Ahh, the fall.
Holiday shopping. Travel. Family. Mentally preparing for Mariah Carey on repeat.
While there’s much to do as the holiday season approaches, it’s also prime time to review your portfolio. A handful of deadlines hit before December 31—missing them could mean starting 2026 a step behind.
While we can’t help you coordinate contest-winning Halloween costumes or an Instagram-worthy Thanksgiving Day spread, we can help you organize your financial calendar. From topping off retirement accounts to rebalancing your ETF holdings, let’s walk through what to keep on your radar between now and the NYE ball drop.
Life can be chaotic in the last quarter of the year. You’re juggling pumpkin-spiced everything, office parties, and the inevitable year-end fire drills at work.
So, why should ETF investors squeeze their portfolio into already packed schedules?
We get it…January is the ultimate “I’ll get my life in order” month. But pushing these tasks off until then could be a costly approach for investors.
Revisit your portfolio. When was the last time you reviewed your investment strategy? While you don’t need to break out the drawing board and start from scratch, it doesn’t hurt to make sure your ETF allocations still line up with your risk tolerance and goals.

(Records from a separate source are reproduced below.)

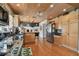 Kitchen features stainless appliances, hardwood floors, and wooden plank ceiling at 14344 83Rd Pl, Seminole, FL 33776
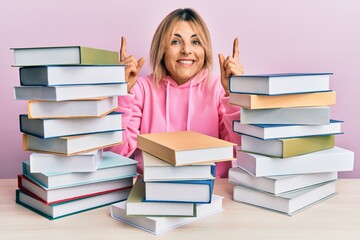 Young caucasian woman sitting on the table with books smiling amazed and surprised and pointing up with fingers and raised arms.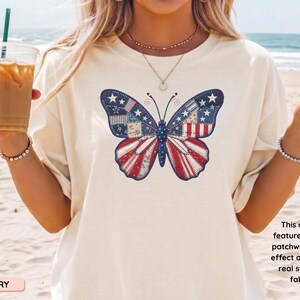 May include: Cream-coloured t-shirt with a butterfly design featuring a faux patchwork print. The butterfly's wings display a patriotic design in red, white, and blue. The shirt has a relaxed fit and short sleeves.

Employ tax-loss harvesting. Even though markets have generally trended upward this year, you might still be sitting on some losses. October is a good time to consider realizing those losses to offset gains elsewhere. This is known as tax-loss harvesting. So long as you avoid buying “substantially identical” securities, you can reinvest the proceeds without throwing off your overall strategy, while minimizing your tax bill.
Check your contributions. Are you on track to max out your 401(k) or IRA? For 2025, the 401(k) employee contribution limit is $23,500 ($31,000 if you’re 50 or older),1 while the IRA limit is $7,000 ($8,000 for those 50 and older).2 If not, you still have a few pay periods left to bump up contributions.
Open that account you’ve been putting off. According to our 2025 Retail Investors by the Numbers Study, less than half of investors (48%) have a personal brokerage account.3 If you’ve been meaning to open a brokerage account, why not this month (or even today)? It sets you up to put new money to work before year end.
Start small. Even $100 dollars will do.
Yes, $100 is a suitable starting investment in most newly opened brokerage accounts. Want some smart, beginner-friendly ways to start investing with just $100 and build long-term wealth today?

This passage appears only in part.